Issues with Leader Migration in Placement SQL

This topic has been translated from a Chinese forum by GPT and might contain errors.

Original topic: placement sql迁移leader的问题

| username: TiDBer_Q6zIfbhF

[TiDB Usage Environment] Production Environment / Testing / PoC
[TiDB Version]
[Reproduction Path] What operations were performed when the issue occurred
[Encountered Issue: Issue Phenomenon and Impact]
[Resource Configuration] Enter TiDB Dashboard - Cluster Info - Hosts and take a screenshot of this page
[Attachments: Screenshots / Logs / Monitoring]

The online cluster has 3 locations and 5 replicas, with 3 replicas in location A, and 1 replica each in locations B and C, with all leaders in location A.
Now, we are setting up placement SQL migration to change the cluster to:
0 replicas in location A, 3 replicas in location B, and 2 replicas in location C.

As shown in the monitoring, most of the data was migrated within 1 minute, but the remaining small portion of data took more than 10 hours to migrate.
What could be the reason for this? I understand that the original replica in location B directly became the leader, so the speed was fast, but some data took more than 10 hours. I am not sure about the reason for this. Can any experts provide an explanation?

| username: zhanggame1 | Original post link

Your understanding should be correct. The original replica in location B directly becomes the leader, so the speed is very fast. However, if some of the original replicas are missing, it will be very slow.

| username: TiDBer_Q6zIfbhF | Original post link

Site B has 1 replica, so there should be a copy of all the data, right?

| username: redgame | Original post link

Those data that migrate quickly may be relatively small, while those data that migrate slowly may be relatively large.

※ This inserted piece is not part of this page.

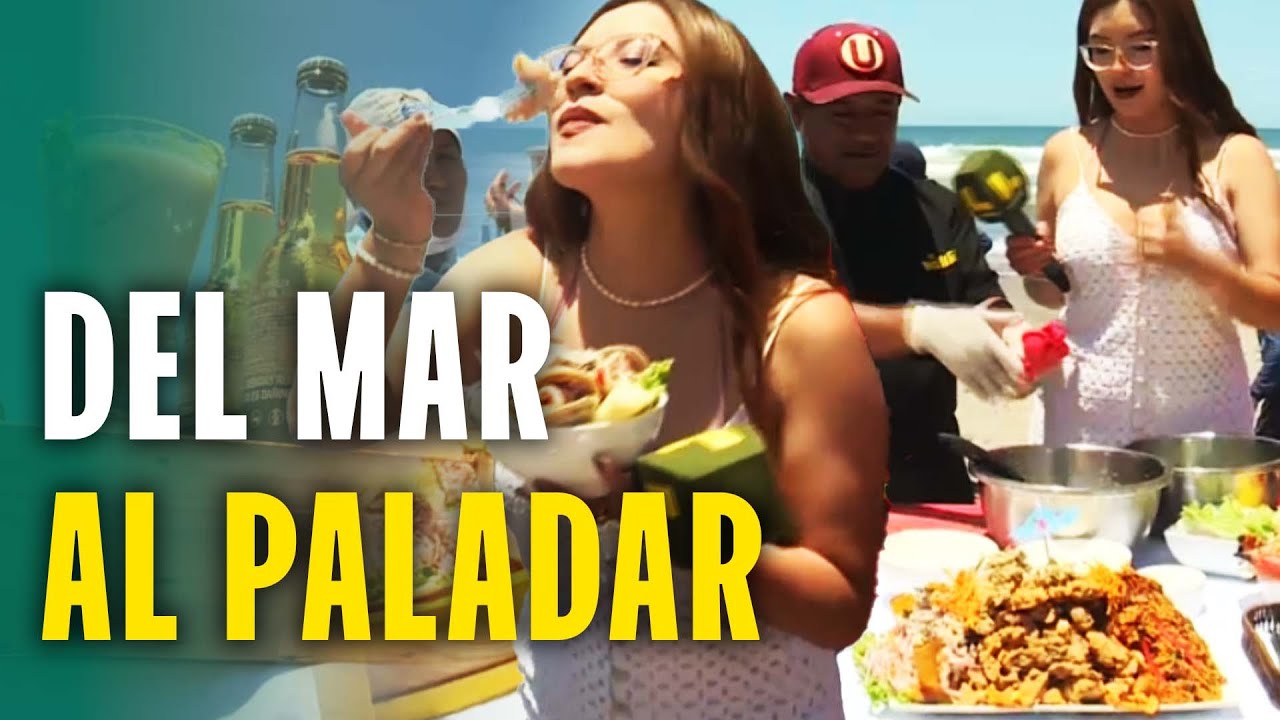 Las delicias de las playas de Moquegua: Contundente ceviche que se disfruta cerca al mar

| username: tidb菜鸟一只 | Original post link

I am not sure if your three-site no-replica setup is a three-site three-center or a same-city three-center. Could you provide the placement SQL you originally deployed? If the settings are unreasonable, for an online cluster with 3 sites and 5 replicas, with 3 replicas in site A and 1 replica each in sites B and C, and all leaders in site A, in this case, when you operate on the data, only 3 nodes need to complete the consistency change for the operation to succeed. This means that theoretically, it is possible for all 3 replicas in site A to successfully change, completing the operation. At this point, if you switch the leader from site A to the replica in site B, the replica in site B will need to synchronize data to become the leader because its data is inconsistent with the leader.

| username: system | Original post link

This topic was automatically closed 60 days after the last reply. New replies are no longer allowed.